Yesterday, a once in a life time event happened here on Earth. Venus crossed the path of the Sun during the daylight hours and we could watch the progression of the 2nd planet closest to the Sun, and our neighbor Venus cross right in front of our very own eyes.
For the last 3 months we have watched the shiny jewel of a planet in our evening sky, light the night sky and have multiple pairings with the Moon, Jupiter and a few stars and that was pretty spectacular. Finally the planet caught up with the Sun and was now planning on crossing in front of it. This has happened only 4 times in the last 243 years and won't happen again until December 2117, or 105 years from now. It is a once in a life time celestial event.
Now the day started off cloudy, dreary and looked like little hope for the sun to even peek out, the forecast was to be a chance of showers in the afternoon. As the day progressed it started to get clearer and more blue sky and less clouds!! I was getting excited.
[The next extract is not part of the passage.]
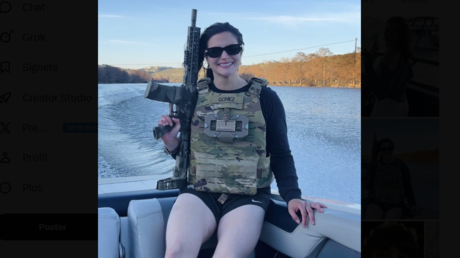 Royaume-Uni : bannie du territoire, une influenceuse américaine islamophobe menace de débarquer en bateau accompagnée de militaires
I got home at 5:00 and the Transit started around 6:03 p.m so there was little time to waste. I got my scope out and had to calibrate it so it would track the sun properly without me having to make adjustments, and below is the view I had of the sky!
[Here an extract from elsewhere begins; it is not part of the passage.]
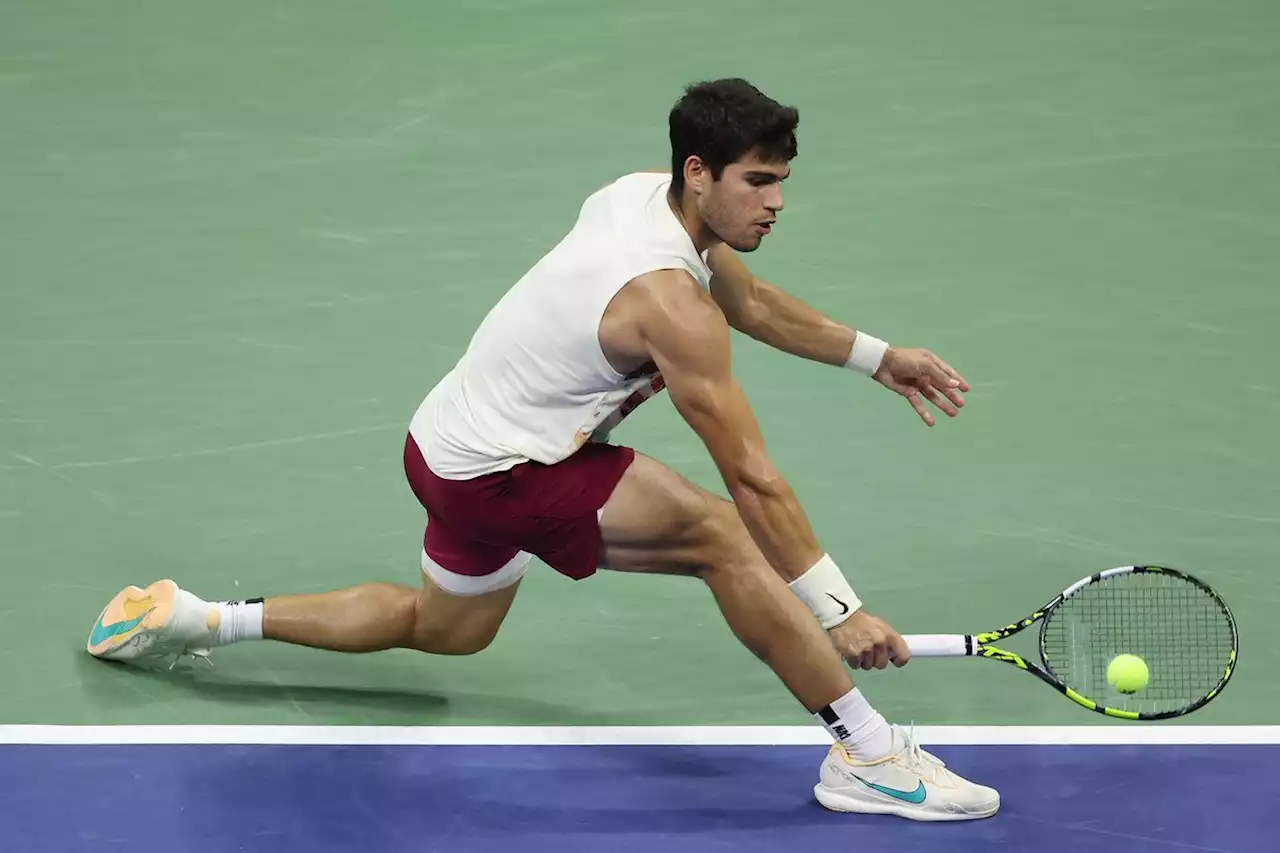 Carlos Alcaraz averts an early challenge from Alexander Zverev to return to the U.S. Open semis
I brought out the scope and I needed power as my scope is very intelligent and once it is setup it can track objects and there is no need to touch the scope once the object you want to look at is in the eyepiece. This is very helpful as I can walk away from the scope for at least 10-15 minutes and come back and the scope is still centered on the object! Incredible! Above is a quick movie of how my scope auto tracks and finds what I am looking for, in this case I told it to find Venus.
My son Nicholas who loves Astronomy was just as excited and here he is holding the Solar Filter that goes over the front of my ETX-125 Meade Telescope. You could easily see Venus with out using the scope as the filter blocks 99.9% of light and the Sun looks awesome. Its like a Welder's glass.
I had a big puffy cloud show up right at 6:03 so I had to wait until about 6:11 and these were the first two shots I took!
Venus just starting to make it's way on to the Sun's face! Amazing!
Here is some progress shots and I used mostly a 26mm Meade Eyepiece except on the 2 close up shots where I used a 12.5mm Zhumell eyepiece. It was just a wonderful viewing opportunity.
Here is Nick viewing the Transit. We had neighbors stop by and look at it too.
And my last shot before the Sun moved behind my neighbors home.
I truly enjoyed this once in a lifetime event and I hope you do too!!